Locating Unauthorized Internet Users Without a Warrant

Wednesday, November 28, 2012, by Cara Richards
A federal court in Pittsburgh has ruled that the government can track internet users to their location without a search warrant. The court reasoned, in United States v. Stanley, that internet users have no reasonable expectation of privacy in their IP address nor can they expect privacy protection for the information they provide to their Internet service providers. Judge Joy Conti of the Western District of Pennsylvania found that the defendant did not have a reasonable expectation of privacy because in connecting to the unauthorized wireless network he was voluntarily sending a signal to a third party.

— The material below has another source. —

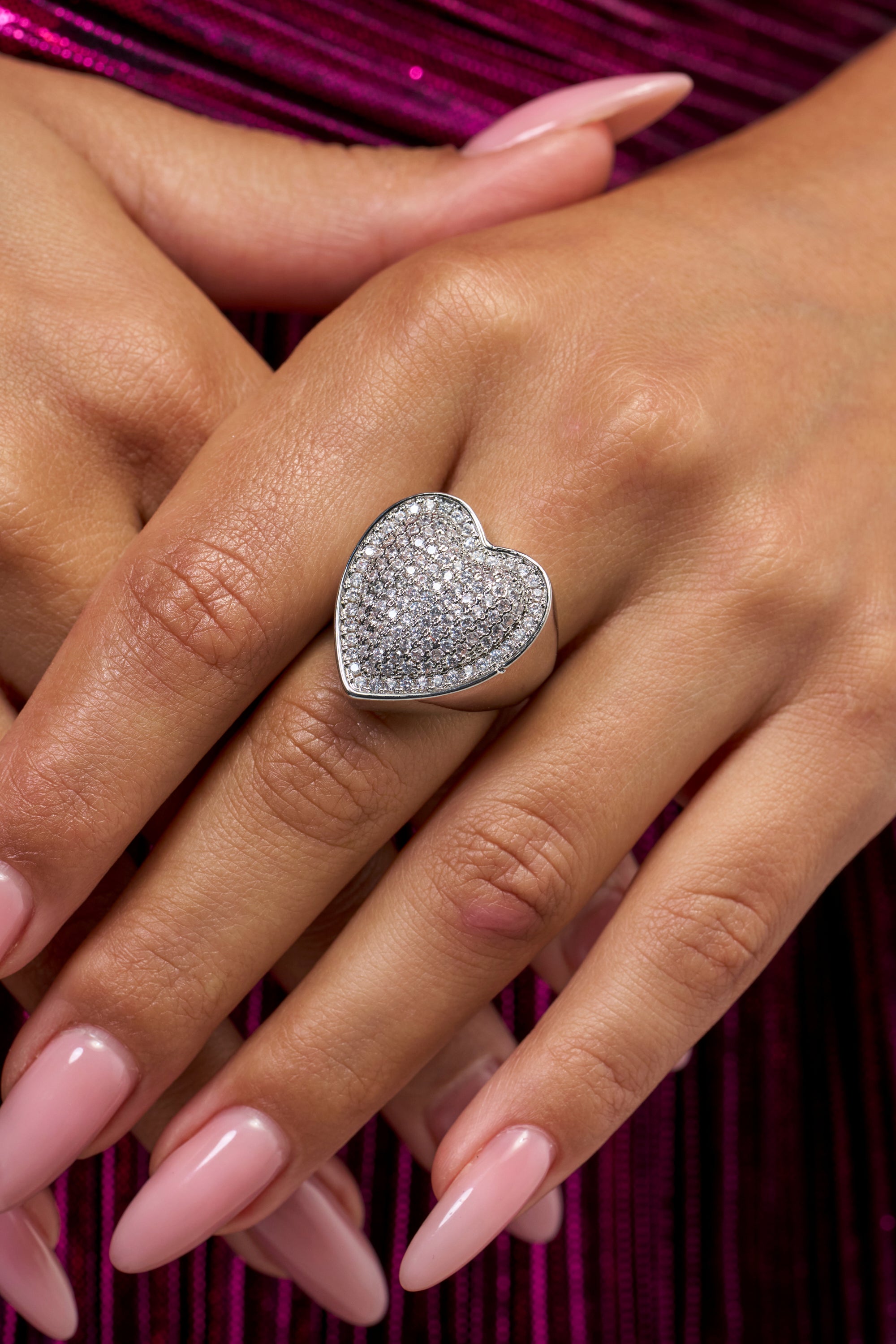 A close-up of hands with light pink manicured nails wearing the LOVE U RING—a chunky heart ring encrusted with small, sparkling stones—set against a magenta, pleated fabric background, perfect for showcasing glamorous silver jewelry.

After tracking a child pornography suspect to an IP address of a Comcast subscriber, Pennsylvania State Police discovered that the suspect was actually a neighbor mooching off of an unsecured wireless network in a home across the street.  After receiving permission from the actual Comcast internet subscriber, police used software, called Moocherhunter, and an antenna to identify the apartment containing the suspect’s computer and then obtained a search warrant to search the apartment. The Moocherhunter program allowed the police to measure the distance between the wireless router and the devices connected to it, leading the police to the suspect. The suspect was then indicted in November 2011 for possession of child pornography. The defendant moved to suppress the evidence against him on the grounds that the police efforts constituted a warrantless search. The defendant argued that Moocherhunter is a technology that is not in general public use and was used to discover that a computer was located inside of his home, constituting a violation of his Fourth Amendment rights.

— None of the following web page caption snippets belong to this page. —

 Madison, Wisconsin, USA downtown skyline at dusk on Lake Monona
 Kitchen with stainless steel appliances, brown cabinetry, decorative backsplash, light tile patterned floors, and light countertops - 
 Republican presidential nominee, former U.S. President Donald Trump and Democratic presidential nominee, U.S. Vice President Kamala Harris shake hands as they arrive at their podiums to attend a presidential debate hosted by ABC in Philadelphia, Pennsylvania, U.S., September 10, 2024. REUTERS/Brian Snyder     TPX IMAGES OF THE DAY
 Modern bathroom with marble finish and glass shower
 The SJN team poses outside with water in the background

In deciding the case the district court addressed the Fourth Amendment question: Does tracing the location of a user of an unsecured wireless network constitute a Fourth Amendment search? The court was the first to tackle this issue. In the opinion, Judge Conti cited a Supreme Court case that held that the police did not need a search warrant for a device that recorded the telephone numbers dialed by a criminal suspect because the suspect had no expectation of privacy in the numbers he dialed. He voluntarily provided the information to a third party, the telephone company. Professor Kerr, a law professor at George Washington University, suggested that a case involving a wireless internet user may be different though because wireless internet users may not know that they are conveying information to third parties. Nevertheless, Judge Conti found that the wireless internet user did not have a reasonable expectation of privacy because in connecting to the unauthorized wireless network he was voluntarily sending a signal to a third party.